GIVEN DATA START

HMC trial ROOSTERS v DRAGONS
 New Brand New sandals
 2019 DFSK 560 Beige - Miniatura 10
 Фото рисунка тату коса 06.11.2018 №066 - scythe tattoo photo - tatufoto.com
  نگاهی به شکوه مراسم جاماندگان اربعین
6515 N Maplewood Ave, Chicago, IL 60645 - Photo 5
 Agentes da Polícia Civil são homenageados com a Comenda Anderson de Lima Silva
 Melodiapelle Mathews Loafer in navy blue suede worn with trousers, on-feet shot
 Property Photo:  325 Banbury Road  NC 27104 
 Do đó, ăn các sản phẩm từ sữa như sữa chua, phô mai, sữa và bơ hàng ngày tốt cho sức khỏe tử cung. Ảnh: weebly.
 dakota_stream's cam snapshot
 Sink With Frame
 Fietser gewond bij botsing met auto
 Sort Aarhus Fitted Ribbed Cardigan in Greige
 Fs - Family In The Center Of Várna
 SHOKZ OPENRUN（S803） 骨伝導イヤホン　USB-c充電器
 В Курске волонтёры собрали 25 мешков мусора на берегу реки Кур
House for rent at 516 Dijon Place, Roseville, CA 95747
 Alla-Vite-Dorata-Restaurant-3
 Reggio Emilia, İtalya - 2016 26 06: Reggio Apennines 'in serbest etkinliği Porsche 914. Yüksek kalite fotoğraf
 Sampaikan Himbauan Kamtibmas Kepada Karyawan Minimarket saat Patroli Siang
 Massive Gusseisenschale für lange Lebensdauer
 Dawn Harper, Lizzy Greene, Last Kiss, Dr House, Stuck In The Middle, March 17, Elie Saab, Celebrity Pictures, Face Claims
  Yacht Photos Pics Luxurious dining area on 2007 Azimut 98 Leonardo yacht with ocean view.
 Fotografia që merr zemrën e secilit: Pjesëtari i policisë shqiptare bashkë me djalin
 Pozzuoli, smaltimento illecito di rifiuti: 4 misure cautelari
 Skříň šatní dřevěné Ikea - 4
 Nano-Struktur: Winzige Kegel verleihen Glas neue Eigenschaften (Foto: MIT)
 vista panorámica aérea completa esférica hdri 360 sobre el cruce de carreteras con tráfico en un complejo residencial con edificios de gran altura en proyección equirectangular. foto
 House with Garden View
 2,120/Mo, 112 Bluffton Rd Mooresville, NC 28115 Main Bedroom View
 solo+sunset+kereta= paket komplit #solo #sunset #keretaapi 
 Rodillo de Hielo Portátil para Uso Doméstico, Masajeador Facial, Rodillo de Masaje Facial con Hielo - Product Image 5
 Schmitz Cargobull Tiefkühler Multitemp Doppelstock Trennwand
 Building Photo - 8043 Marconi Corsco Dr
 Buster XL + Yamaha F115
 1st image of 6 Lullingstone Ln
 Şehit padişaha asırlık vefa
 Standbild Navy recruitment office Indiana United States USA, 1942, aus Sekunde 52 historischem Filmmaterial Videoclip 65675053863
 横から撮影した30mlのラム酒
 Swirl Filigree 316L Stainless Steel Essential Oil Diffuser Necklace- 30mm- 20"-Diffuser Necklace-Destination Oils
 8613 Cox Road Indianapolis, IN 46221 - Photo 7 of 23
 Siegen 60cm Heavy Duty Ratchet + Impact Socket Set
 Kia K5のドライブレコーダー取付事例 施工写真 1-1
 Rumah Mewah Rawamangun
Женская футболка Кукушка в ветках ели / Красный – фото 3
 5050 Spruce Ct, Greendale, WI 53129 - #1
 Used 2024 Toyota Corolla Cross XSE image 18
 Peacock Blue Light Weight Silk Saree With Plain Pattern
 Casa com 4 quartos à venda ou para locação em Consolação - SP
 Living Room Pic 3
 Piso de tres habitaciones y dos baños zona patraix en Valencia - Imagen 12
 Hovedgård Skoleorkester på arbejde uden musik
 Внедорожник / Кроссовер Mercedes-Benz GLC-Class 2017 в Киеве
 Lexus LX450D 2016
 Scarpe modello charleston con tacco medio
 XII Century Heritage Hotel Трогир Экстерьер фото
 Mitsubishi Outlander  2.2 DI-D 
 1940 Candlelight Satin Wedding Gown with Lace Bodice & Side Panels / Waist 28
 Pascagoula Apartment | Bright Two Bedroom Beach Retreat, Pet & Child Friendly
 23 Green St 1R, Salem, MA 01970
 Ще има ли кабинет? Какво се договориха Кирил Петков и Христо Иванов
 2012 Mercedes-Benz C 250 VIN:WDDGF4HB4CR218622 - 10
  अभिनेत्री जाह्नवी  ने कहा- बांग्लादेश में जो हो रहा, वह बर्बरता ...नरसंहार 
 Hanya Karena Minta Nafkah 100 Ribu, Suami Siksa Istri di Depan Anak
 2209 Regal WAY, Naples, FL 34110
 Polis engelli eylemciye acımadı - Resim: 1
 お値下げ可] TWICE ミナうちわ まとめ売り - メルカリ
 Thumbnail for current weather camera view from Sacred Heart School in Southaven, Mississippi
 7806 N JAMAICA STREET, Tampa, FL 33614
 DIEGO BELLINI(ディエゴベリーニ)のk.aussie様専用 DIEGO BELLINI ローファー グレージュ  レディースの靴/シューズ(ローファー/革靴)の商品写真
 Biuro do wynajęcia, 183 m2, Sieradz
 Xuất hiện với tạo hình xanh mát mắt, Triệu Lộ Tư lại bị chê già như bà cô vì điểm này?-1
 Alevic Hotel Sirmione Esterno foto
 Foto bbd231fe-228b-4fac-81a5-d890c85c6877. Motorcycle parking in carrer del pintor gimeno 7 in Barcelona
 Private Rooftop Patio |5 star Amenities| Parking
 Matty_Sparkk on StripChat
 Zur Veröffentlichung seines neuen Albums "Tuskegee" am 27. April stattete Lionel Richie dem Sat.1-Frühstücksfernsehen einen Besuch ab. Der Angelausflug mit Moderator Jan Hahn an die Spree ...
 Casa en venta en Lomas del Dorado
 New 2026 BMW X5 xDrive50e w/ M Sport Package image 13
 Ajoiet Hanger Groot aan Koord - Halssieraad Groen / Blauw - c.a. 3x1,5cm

GIVEN DATA END

▸ TASK DESCRIPTION
Which lines above include the word "Benz"? Show each one.

▸ WRITTEN RESPONSE
 Внедорожник / Кроссовер Mercedes-Benz GLC-Class 2017 в Киеве
 2012 Mercedes-Benz C 250 VIN:WDDGF4HB4CR218622 - 10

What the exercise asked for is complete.